___ DATA SEGMENT

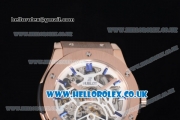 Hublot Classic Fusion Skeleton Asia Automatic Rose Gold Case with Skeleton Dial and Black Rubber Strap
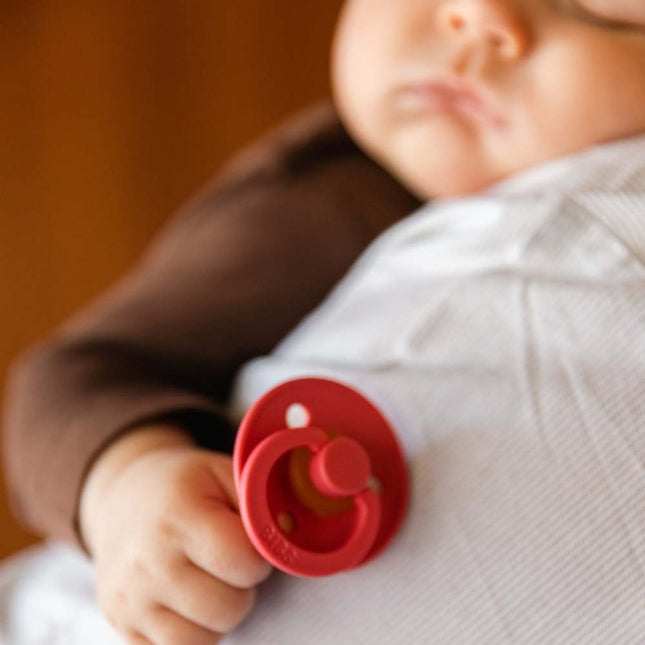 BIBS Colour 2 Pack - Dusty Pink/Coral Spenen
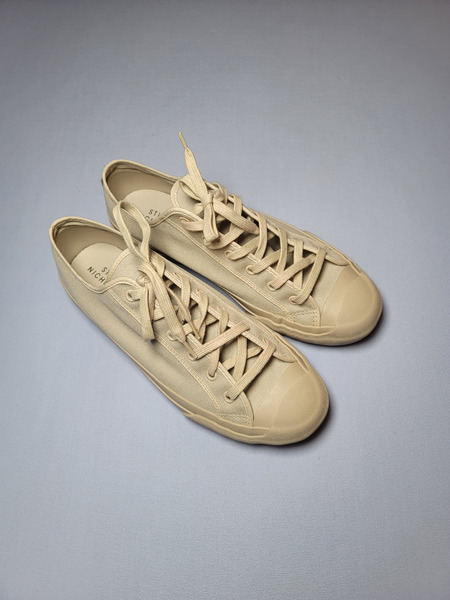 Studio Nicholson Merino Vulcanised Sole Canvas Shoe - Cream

______

WHAT YOU ARE ASKED TO DO:
For this exercise, transcribe exactly only the lines from the one containing "BIBS Colour 2 Pack - Dusty Pink/Coral Spenen" through the end of the listing, inclusive, without the pictures.

RESULT:
 BIBS Colour 2 Pack - Dusty Pink/Coral Spenen
 Studio Nicholson Merino Vulcanised Sole Canvas Shoe - Cream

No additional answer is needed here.